BEGIN Extracted entries

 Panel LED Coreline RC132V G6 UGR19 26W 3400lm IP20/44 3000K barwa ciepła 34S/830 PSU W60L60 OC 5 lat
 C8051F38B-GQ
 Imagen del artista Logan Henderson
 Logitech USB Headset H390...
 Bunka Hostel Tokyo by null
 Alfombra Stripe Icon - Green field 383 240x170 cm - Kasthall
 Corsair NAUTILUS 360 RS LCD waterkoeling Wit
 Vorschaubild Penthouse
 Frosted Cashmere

END Extracted entries
BEGIN Extracted entries

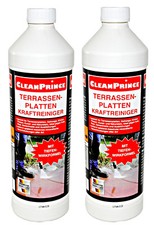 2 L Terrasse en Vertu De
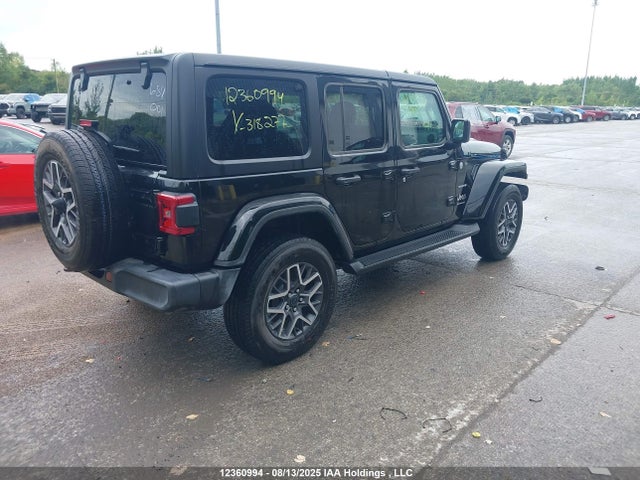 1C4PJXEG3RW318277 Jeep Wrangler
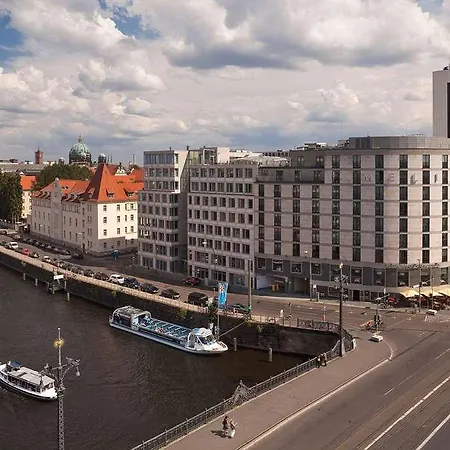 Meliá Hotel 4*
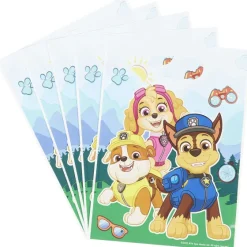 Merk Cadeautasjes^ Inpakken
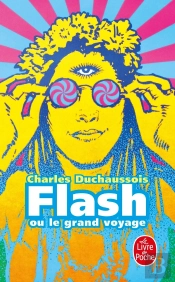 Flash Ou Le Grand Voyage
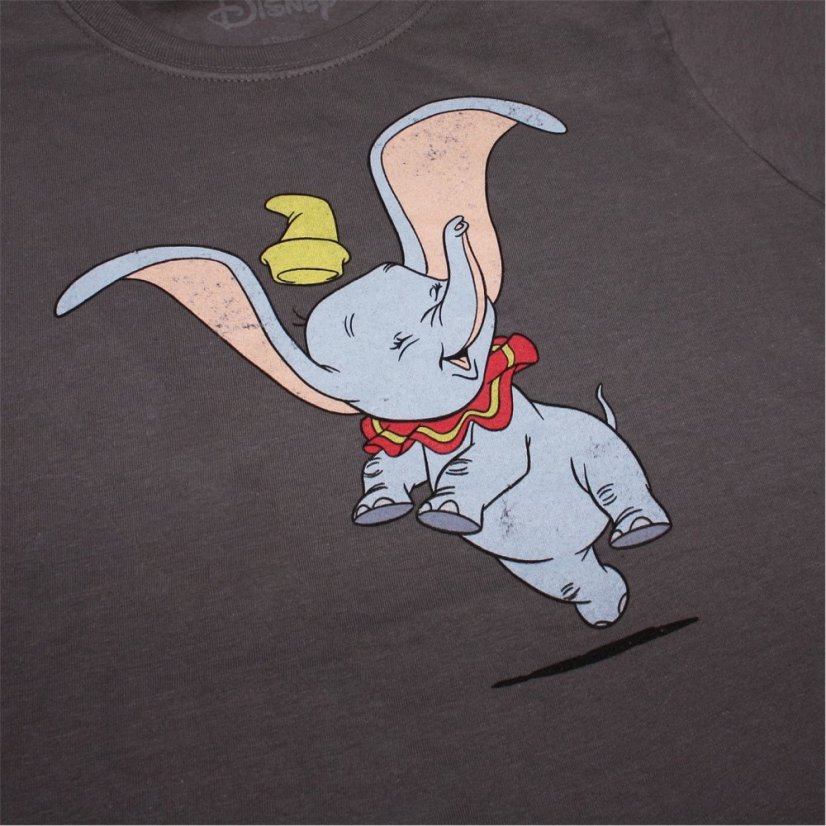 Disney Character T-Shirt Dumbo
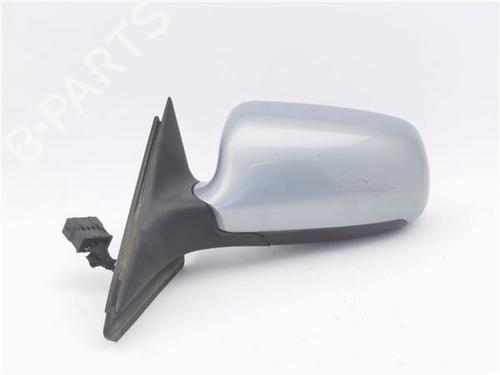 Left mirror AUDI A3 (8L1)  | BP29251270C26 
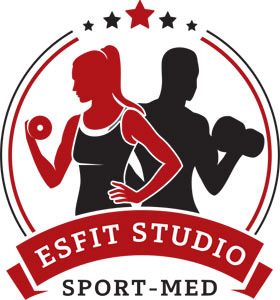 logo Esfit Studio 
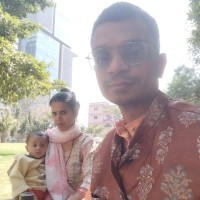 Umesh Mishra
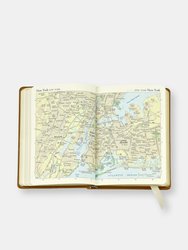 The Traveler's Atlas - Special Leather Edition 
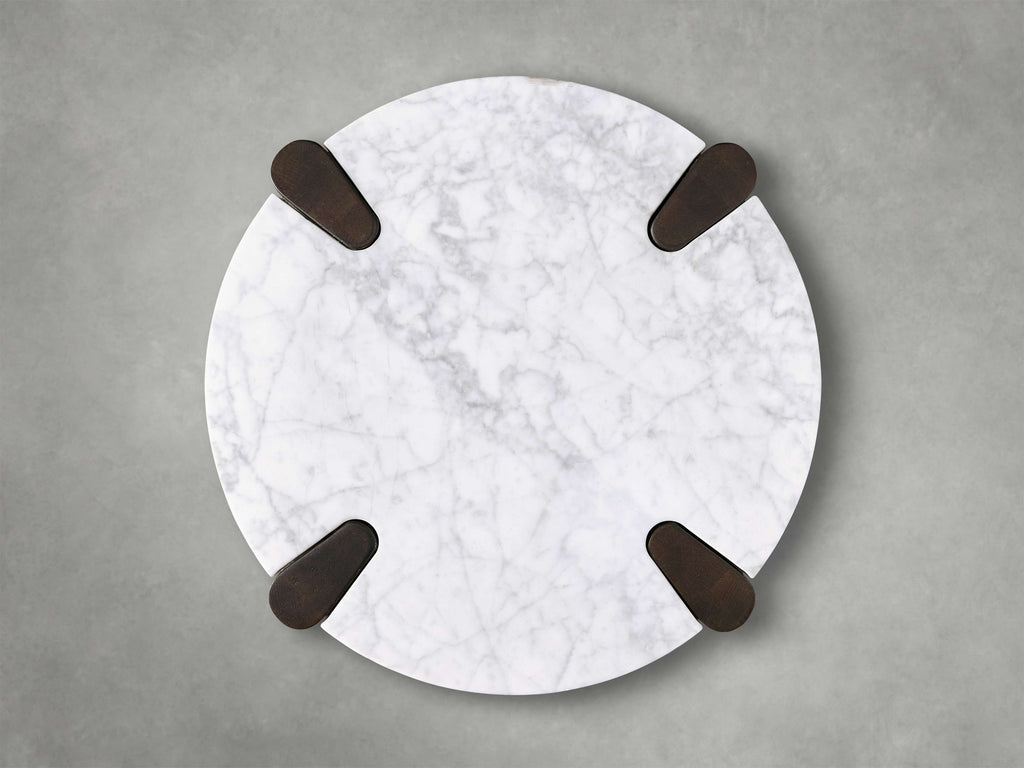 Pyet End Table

END Extracted entries

Among the lines above, repeat exactly those from the line with "Logitech USB Headset H390..." to the line with "Frosted Cashmere", counting both ends.

Exercise response:
 Logitech USB Headset H390...
 Bunka Hostel Tokyo by null
 Alfombra Stripe Icon - Green field 383 240x170 cm - Kasthall
 Corsair NAUTILUS 360 RS LCD waterkoeling Wit
 Vorschaubild Penthouse
 Frosted Cashmere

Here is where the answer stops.